Each of those misses that Frerotte referenced could have been touchdowns. If the ball had been thrown a bit further downfield or to the outside on the deep ball, Berrian might have had far more yardage. If the other pass Frerotte mentioned had been thrown further outside, cornerback Tracy Porter wouldn't have gotten his hand on the ball and Berrian would have had another touchdown instead of the team settling for a field goal at the end of the first half.
But the fact that those two miscues happened and Berrian still had his first 100-yard game in purple – the first for a Vikings receiver since the 2006 season – says the Vikings could be developing a deep passing threat once again. That didn't happen much in the first half of Monday night's game – Berrian had two catches for 28 yards and was thrown at in the end zone twice without success – and the Vikings would like to establish a deep passing game earlier if the defense allows.
"I would like to see them hit (earlier), provided that they are giving you the coverage that you are looking for," head coach Brad Childress said. "There were a couple of times where we were attacking one coverage and got another, but that's the chess match that goes on. I say it all the time, you would be upset if we threw it up into coverage and they did have deep coverage at that point in time.
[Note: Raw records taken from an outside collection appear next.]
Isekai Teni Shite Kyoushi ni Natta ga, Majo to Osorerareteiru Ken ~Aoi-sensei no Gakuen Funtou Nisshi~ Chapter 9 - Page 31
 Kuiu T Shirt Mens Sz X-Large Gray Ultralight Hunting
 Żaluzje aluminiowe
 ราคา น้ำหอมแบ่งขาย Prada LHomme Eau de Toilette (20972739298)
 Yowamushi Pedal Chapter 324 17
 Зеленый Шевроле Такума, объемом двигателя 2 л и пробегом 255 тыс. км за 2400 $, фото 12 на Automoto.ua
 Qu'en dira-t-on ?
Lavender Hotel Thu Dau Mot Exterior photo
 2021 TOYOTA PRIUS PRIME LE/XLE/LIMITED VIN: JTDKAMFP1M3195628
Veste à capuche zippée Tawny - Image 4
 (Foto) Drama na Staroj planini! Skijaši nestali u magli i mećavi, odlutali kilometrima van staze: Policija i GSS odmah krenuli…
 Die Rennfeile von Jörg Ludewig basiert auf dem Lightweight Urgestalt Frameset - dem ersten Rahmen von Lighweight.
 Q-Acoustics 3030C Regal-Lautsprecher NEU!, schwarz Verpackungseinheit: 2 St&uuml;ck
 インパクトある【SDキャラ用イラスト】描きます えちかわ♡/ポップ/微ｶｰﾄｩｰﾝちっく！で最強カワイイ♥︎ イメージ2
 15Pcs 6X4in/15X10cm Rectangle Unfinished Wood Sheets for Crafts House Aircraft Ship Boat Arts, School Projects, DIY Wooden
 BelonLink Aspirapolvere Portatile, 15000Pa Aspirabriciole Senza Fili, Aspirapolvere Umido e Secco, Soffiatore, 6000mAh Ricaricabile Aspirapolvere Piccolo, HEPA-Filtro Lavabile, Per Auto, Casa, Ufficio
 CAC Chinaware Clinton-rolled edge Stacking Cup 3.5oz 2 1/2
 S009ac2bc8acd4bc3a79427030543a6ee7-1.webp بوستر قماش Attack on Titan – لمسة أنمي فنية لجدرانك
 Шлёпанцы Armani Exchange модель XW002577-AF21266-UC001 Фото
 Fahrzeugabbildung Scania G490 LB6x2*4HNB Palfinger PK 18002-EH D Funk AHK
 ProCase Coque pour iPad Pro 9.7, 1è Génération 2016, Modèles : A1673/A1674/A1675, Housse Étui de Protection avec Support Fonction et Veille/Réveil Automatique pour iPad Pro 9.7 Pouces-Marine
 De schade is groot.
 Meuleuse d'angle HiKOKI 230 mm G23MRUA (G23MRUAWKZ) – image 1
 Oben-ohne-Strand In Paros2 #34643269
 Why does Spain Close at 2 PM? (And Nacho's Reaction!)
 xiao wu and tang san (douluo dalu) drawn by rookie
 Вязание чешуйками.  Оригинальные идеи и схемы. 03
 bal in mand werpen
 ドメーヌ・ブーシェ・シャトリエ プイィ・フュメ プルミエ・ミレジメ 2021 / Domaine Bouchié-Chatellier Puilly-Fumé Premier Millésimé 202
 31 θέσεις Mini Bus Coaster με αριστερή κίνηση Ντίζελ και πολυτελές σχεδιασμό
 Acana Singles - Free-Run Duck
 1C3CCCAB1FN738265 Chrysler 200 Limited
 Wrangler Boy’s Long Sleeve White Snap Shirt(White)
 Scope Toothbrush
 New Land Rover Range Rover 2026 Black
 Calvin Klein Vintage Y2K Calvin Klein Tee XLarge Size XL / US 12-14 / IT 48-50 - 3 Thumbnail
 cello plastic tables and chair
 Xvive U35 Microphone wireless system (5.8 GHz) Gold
I think it is important that we as an offense stay ahead of the down-and-distance. Our first downs were not very good (Monday) and when you put yourself in obvious downs, you put yourself in passing downs, where everybody in the place knows you are going to pass it. That makes it a little bit tougher to operate."
By the end of the game, however, Berrian had accounted for nearly half of Frerotte's passing yardage, garnering six catches for 110 yards. It seems to be a case of growing production for Berrian.
In his first game as a Viking, after signing a six-year deal with $16 million in guarantees, Berrian had three catches for 38 yards. In his second game, he had no receptions. But since the Vikings inserted Frerotte as their starting quarterback, Berrian has 14 catches for 267 yards and a touchdown in the last three games.
Ironically, the touchdown was a case of one receiver running the wrong the route. Midway through the fourth quarter, the Vikings trailed 27-20 and Frerotte was looking deep on third-and-17 from the 34-yard line. He stood in the pocket and delivered the ball down the middle of the field for Aundrae Allison, but Berrian was also coming from the other side of the field. Either could have caught the ball, but the two collided and Berrian held onto the ball in the end zone while Porter walked away with a dislocated wrist that ended his season.
"I really thought Aundrae was going to catch it because he was running the post and I thought it was going to land right in his lap. The guy hit me and I just saw Bernard catch it out of nowhere," Frerotte said without saying who was supposed to be in the middle of the field and who was supposed to be running a corner route. "I don't know. I just knew that we had a post running down the middle. I had to put some air on it."
"They both got the same message, suffice it to say," Childress said. "It was a really heads-up play by Gus. I'm not sure how he messaged it. It was down to about three seconds as he went from right to left, so obviously a mixed message."
That game-tying touchdown came just three plays after Frerotte left the game for one play after being hit in the head. He said he was "dizzy" with "some birds flying around in my head," but he wasn't going to stay out of the game long.
"Any time that something like that happens, they evaluate you on the sidelines. They won't let you come right back in, so I had to prove to them that I was able to go back in the game," said Frerotte, who was accused of sneaking back into the game after one play. "They were trying to tackle me and not let me go back out, but I wasn't having any of that."
By that point, Frerotte had taken his share of hits, but he was only sacked one time and completed numerous passes while taking hits.
"I always say that the quarterback is a lot tougher than you give him credit for. Everybody wants to think that that's a prima donna-type guy, but those guys have to be mentally and physically tough to stand there in the face of what amounts to a big hit or a rush where they know that they're going to get hit just to be able to make a play."
A growing number of times, those are going for big plays to Berrian.
"No emotions really. I probably don't know anybody left from when I was there back in the old dome days. Just another game that we have to prepare for," he said.